Sono mesi che tutta la suburra di fessbùc ne parla, e pariolini di qua e diciottenni di là, è tutto un like, e dice Maria Laura Rodotà che “nelle loro canzoni ci sono la poesia, il dolore e la dimensione universale dello sbraco romano, o qualcosa del genere”; e loro, sono abbastanza smartphone da intitolare l’album d’esordio dei Cani proprio così, un po’ Dave Eggers e un po’ peracottari. Si può dire che dopo tre pezzi diventano odiosi? Però durante quei tre (e uno dei quali Velleità) sono taglienti, electrohardcore, ossessivi e fintoepocali, tipo la voce del cialtrone.

**2. Battles feat. Matias Aguayo,* Ice cream***

Il videoclip inizia che sembra un pornocono al cioccolato e va avanti come un Terrence Malick minore ma non meno delirante, un ramoscello of life che accompagna questa follia di canzone con schegge messe in fila con i colori e i gusti di un gruppo “oltre il postrock, oltre il noise, oltre il pop e soprattutto il math”, secondo Giulio Di Donna (il 10 luglio suonano al Neapolis festival, e sarà un bel momento per i matematici napoletani): sì, è l’archetipo della band adorata alla follia da pochi, e quasi totalmente ignorata da moltitudini oceaniche.

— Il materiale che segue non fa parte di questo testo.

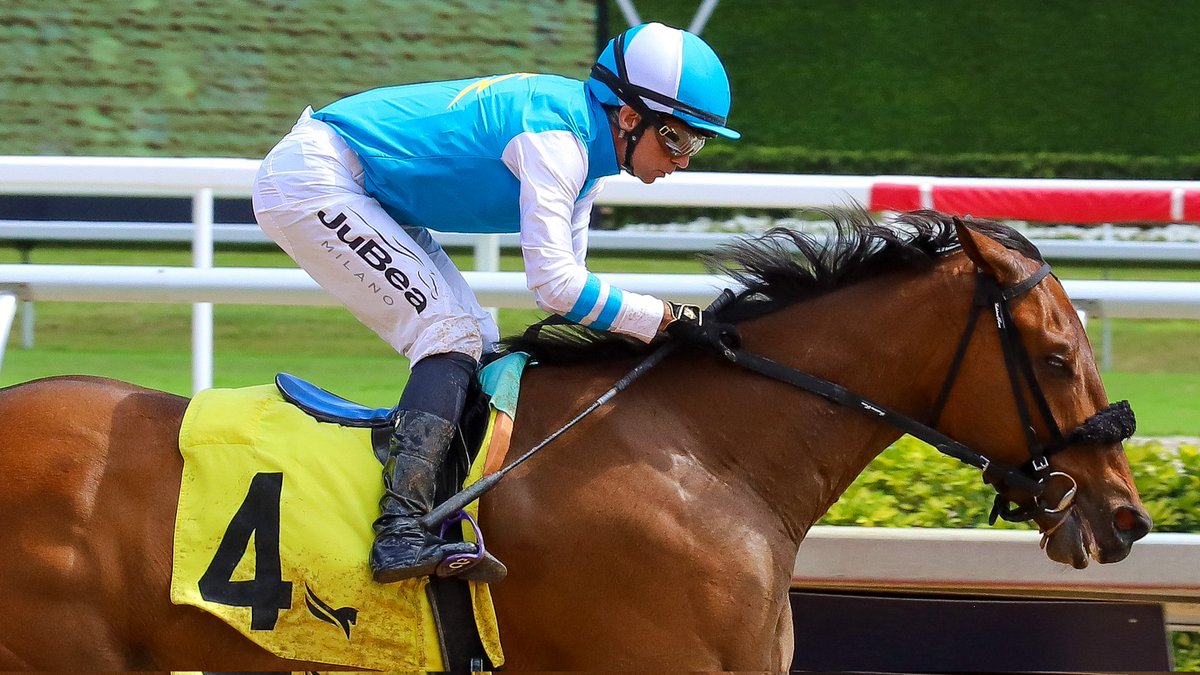 VideoHipico tweet media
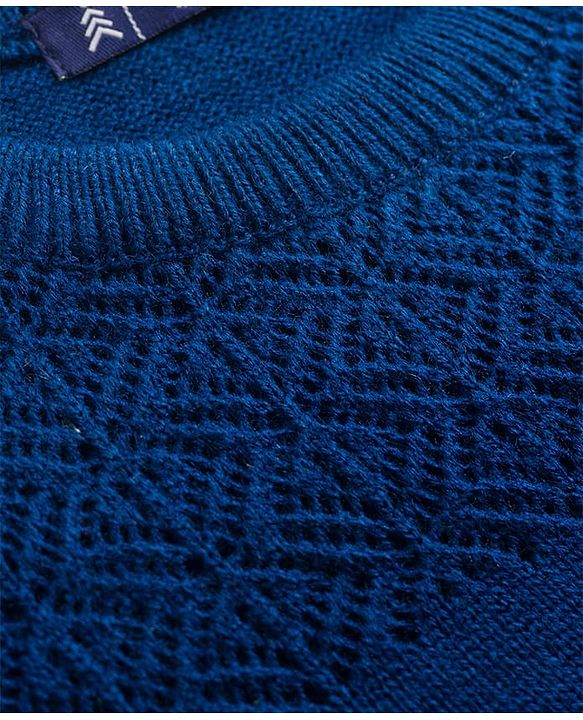Pine Kids Knit Full Sleeves Pullover with Floral Embroidery - Navy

3. Damien Rice and Angus & Julia Stone, You’re the one that I want

Ormai chi pensa a Grease pensa alla sora Cesira, e alla sua Arcore’s night, laikata da decine di piccoli indiani di fb; però c’è anche questa versione arcitriste di una delle canzoni più allegrotte di quel lontano musical: dove nel 1979 incrociavano i falsetti Travolta e Newton-John, ecco adesso gli ululati disperati dei frate & sora australiani e del folksinger irlandese, in una seratina britannica uscite come album, The Flowerpot sessions. Ma anche qui poi si ride sotto i baffi; divertimenti da pub, tipo prendere a freccette gli amori da collegio.